Records provided below:

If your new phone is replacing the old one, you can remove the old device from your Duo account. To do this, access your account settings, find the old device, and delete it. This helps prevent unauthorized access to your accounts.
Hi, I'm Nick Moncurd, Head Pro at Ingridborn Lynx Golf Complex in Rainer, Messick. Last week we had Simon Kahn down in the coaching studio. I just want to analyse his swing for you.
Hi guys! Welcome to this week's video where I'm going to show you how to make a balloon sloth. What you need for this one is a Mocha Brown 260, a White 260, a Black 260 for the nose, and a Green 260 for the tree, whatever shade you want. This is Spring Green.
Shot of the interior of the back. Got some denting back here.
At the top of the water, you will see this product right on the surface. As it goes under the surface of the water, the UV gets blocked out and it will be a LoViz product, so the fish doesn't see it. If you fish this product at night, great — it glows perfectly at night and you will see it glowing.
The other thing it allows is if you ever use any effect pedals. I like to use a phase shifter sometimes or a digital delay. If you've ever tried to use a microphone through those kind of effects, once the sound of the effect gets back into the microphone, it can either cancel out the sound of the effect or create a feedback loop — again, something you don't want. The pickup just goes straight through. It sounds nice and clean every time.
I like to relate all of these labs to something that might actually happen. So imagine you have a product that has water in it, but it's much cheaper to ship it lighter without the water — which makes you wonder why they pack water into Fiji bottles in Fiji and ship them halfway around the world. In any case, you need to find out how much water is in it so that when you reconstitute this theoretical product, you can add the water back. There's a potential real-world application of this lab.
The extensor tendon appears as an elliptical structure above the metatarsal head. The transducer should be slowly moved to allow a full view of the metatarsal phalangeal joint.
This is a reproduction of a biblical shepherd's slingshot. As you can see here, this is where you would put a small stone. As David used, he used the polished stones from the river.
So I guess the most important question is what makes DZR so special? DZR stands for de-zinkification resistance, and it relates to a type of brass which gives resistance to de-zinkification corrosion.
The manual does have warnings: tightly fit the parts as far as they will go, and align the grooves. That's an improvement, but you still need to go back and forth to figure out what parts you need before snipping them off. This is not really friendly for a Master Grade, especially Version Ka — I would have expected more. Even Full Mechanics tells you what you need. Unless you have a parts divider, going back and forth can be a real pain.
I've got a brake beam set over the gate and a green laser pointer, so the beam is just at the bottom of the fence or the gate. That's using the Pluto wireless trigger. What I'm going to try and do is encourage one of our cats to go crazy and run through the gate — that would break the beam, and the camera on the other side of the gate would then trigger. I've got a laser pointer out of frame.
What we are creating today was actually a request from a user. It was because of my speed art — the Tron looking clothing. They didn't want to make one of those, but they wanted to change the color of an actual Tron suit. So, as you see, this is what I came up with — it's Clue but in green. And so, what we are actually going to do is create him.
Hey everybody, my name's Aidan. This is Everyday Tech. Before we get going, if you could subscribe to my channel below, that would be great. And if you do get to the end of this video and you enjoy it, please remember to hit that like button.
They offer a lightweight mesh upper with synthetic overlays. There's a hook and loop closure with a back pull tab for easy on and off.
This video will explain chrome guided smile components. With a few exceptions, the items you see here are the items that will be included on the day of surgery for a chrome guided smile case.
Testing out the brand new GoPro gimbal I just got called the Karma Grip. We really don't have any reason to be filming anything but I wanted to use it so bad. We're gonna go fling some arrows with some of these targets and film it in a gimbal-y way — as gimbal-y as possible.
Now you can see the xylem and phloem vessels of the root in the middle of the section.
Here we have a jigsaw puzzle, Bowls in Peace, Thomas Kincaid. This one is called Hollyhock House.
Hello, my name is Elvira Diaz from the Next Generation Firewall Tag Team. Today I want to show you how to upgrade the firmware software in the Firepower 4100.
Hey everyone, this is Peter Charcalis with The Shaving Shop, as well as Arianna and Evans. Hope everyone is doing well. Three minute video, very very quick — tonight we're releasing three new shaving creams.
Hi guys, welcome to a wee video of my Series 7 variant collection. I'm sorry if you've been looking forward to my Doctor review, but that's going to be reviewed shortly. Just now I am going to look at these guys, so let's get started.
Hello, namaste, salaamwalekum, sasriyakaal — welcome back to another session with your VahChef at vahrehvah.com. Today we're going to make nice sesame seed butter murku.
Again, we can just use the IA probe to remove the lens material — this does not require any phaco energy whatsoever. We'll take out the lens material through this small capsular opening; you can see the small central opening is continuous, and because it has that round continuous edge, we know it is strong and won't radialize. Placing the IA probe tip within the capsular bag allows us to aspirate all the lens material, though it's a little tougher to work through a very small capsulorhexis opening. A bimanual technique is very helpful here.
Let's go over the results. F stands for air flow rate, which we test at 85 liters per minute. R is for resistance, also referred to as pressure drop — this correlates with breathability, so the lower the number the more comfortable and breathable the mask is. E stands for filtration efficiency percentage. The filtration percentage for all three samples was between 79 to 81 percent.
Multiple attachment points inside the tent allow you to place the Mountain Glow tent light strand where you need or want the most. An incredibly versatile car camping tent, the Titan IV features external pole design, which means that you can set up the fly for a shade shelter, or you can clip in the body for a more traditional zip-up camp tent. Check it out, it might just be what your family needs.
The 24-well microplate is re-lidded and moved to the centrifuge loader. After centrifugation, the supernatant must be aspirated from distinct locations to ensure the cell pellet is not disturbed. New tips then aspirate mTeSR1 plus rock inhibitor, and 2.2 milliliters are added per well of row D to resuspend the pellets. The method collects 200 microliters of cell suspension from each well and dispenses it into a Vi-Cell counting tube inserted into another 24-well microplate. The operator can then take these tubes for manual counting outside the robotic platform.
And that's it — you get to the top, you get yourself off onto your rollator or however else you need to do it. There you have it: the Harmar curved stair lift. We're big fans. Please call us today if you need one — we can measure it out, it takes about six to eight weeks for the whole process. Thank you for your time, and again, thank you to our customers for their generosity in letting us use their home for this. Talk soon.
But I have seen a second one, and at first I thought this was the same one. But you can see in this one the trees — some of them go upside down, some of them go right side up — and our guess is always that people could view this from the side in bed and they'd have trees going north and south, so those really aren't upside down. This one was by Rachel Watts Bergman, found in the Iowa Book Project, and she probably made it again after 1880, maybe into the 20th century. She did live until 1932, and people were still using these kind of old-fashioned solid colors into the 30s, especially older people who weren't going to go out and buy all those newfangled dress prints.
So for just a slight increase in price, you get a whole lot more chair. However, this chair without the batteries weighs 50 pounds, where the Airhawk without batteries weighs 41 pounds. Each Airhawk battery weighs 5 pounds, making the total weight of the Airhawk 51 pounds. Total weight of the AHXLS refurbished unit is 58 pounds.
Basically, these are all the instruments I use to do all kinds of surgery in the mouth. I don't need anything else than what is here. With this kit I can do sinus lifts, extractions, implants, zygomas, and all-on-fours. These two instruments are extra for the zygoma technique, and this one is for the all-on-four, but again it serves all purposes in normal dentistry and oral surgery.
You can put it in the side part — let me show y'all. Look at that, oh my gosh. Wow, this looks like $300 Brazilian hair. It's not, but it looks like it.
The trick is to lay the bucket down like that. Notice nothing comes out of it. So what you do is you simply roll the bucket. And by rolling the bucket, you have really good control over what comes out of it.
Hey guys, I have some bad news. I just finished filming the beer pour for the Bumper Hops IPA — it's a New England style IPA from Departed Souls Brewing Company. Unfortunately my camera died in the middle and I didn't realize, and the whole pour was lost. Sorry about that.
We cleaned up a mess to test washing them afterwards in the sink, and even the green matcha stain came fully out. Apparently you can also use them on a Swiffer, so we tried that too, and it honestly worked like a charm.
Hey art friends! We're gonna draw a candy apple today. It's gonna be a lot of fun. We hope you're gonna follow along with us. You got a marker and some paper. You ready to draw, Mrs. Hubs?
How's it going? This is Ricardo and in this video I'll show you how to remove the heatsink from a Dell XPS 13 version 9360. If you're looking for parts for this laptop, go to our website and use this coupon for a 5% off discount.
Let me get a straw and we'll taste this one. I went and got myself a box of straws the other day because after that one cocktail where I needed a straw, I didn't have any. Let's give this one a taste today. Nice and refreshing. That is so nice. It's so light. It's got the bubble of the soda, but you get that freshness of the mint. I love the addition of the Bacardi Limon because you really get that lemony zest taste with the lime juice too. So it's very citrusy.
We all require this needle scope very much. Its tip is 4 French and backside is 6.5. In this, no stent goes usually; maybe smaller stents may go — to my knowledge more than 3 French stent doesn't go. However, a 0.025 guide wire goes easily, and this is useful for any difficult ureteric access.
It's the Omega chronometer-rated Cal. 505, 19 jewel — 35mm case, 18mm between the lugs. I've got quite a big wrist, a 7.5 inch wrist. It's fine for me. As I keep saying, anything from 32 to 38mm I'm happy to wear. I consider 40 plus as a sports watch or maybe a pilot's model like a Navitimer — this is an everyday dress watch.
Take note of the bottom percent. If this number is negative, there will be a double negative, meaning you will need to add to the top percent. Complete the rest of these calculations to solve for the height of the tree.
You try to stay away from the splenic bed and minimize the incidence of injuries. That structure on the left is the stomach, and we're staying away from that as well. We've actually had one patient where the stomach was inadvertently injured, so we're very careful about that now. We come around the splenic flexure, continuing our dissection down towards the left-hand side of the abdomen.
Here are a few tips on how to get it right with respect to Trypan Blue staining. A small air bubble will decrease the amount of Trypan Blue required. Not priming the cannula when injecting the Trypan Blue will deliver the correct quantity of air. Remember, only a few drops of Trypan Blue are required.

End of Records provided.

Please reproduce, exactly as they appear above, the lines from the line containing "Basically, these are" up to and including the line containing "How's it going?".

*Task output*.
Basically, these are all the instruments I use to do all kinds of surgery in the mouth. I don't need anything else than what is here. With this kit I can do sinus lifts, extractions, implants, zygomas, and all-on-fours. These two instruments are extra for the zygoma technique, and this one is for the all-on-four, but again it serves all purposes in normal dentistry and oral surgery.
You can put it in the side part — let me show y'all. Look at that, oh my gosh. Wow, this looks like $300 Brazilian hair. It's not, but it looks like it.
The trick is to lay the bucket down like that. Notice nothing comes out of it. So what you do is you simply roll the bucket. And by rolling the bucket, you have really good control over what comes out of it.
Hey guys, I have some bad news. I just finished filming the beer pour for the Bumper Hops IPA — it's a New England style IPA from Departed Souls Brewing Company. Unfortunately my camera died in the middle and I didn't realize, and the whole pour was lost. Sorry about that.
We cleaned up a mess to test washing them afterwards in the sink, and even the green matcha stain came fully out. Apparently you can also use them on a Swiffer, so we tried that too, and it honestly worked like a charm.
Hey art friends! We're gonna draw a candy apple today. It's gonna be a lot of fun. We hope you're gonna follow along with us. You got a marker and some paper. You ready to draw, Mrs. Hubs?
How's it going? This is Ricardo and in this video I'll show you how to remove the heatsink from a Dell XPS 13 version 9360. If you're looking for parts for this laptop, go to our website and use this coupon for a 5% off discount.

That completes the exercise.